Along with the Griffon-engine Spitfire Mk. XVI, the Hawker Tempest V and the Dornier Do-335—not to mention the P-51H Mustang, F2G Corsair and F8F Bearcat, all of which were introduced too late to actually see combat—the long-wing Focke-Wulf Ta-152H-1 was a prominent digit on World War II’s handful of piston-engine superfighters. Nobody mistook the 152’s nickname, “the Tank,” as a sign of condescension, for it was the name of the most respected yet in some ways least well known of Germany’s aircraft designers. Willi Messerschmitt, Ernst Heinkel, Hugo Junkers and many others had their names memorialized in the two-letter prefixes to their various aircraft model numbers (Junkers even after the Nazis had kicked him out of his own company). But the Ta-152 variants marked the very first time the German air ministry allowed Kurt Tank’s own name to be attached to one of his designs.

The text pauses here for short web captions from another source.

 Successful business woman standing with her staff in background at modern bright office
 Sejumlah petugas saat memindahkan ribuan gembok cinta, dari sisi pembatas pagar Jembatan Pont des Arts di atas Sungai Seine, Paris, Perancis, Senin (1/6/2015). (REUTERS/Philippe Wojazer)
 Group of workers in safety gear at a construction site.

Tank, who designed not only the Ta-152 but its predecessor, the fearsome Focke-Wulf Fw-190, was alone among major high-performance aircraft designers in being as skilled a test pilot as he was an engineer (to say nothing of his corporate talents, since he ended up as managing director of the entire Focke-Wulf company). Tank flew, tested, often did aerobatics in and even set records with nearly every airplane he ever designed, from biplane trainers to four-engine airliners, from WWII brutes to the jet fighter he designed that was a direct predecessor of the MiG-15.

“Until the late Thirties,” wrote aviation historian William Green in The Warplanes of the Third Reich, “the Focke-Wulf company was virtually unknown outside Germany; its unpretentious products were frequently confused with those of Fokker. This confusion was to be finally dispelled when such aircraft as the Fw-56 Stösser, the Fw-58 Weihe and the Fw 200 Condor, developed under the supervision of Kurt Tank, had acquired a measure of international acclaim. Indeed, it was almost solely due to this singularly gifted, forceful personality, and the infusion of design and engineering talent that followed his appointment as technical director, that the small, obscure Focke-Wulf Flugzeugbau rose to prominence among international aircraft manufacturers and preeminence in the aircraft industry of Germany’s Third Reich.”

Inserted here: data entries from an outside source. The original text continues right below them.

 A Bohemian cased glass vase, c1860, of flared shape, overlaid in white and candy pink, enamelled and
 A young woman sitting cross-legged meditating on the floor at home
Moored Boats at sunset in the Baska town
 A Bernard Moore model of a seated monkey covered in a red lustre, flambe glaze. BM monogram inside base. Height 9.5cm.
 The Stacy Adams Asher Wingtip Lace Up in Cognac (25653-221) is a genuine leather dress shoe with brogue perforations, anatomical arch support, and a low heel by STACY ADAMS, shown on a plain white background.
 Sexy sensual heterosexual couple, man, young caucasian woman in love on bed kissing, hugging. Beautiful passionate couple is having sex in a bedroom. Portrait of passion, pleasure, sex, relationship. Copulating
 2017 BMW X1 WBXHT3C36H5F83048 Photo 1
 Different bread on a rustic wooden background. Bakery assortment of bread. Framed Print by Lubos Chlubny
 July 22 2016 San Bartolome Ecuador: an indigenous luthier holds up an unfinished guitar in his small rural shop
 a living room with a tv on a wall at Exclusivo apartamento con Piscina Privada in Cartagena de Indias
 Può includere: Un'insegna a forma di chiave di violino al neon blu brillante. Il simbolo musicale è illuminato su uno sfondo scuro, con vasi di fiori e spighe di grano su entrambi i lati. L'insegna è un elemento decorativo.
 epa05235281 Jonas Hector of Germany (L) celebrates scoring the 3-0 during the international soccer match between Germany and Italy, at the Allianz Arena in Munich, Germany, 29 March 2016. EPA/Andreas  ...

Tank was only 33 when he joined Focke-Wulf in 1931, primarily as a test pilot, but he was already an experienced engineer, albeit in an unlikely aeronautical field for a man who would make his mark as a fighter designer. He had started his aviation career working for Rohrbach Metall-Flugzeugbau on flying boats. Most of them were large, slabby, sheet metal–hulled contraptions with sharp, shiplike prows, deckhouses for cockpits and gantries of engine-mongery towering above the wings.

It was an era when people who knew little about the challenges of actually flying seaplanes prophesied that boats with wings would be the transoceanic airliners of the future, using runways that covered two-thirds of the earth’s surface, with never a worry about emergency landings. Tank soon realized that flying boats were too dependent on sea conditions for landing and takeoff, and as he eventually put it, “In the international airline market, the flying boat no longer stands a chance.” Boeing, Sikorsky, Shorts and Martin did their best to prove him wrong, but in the end Tank was the prophet.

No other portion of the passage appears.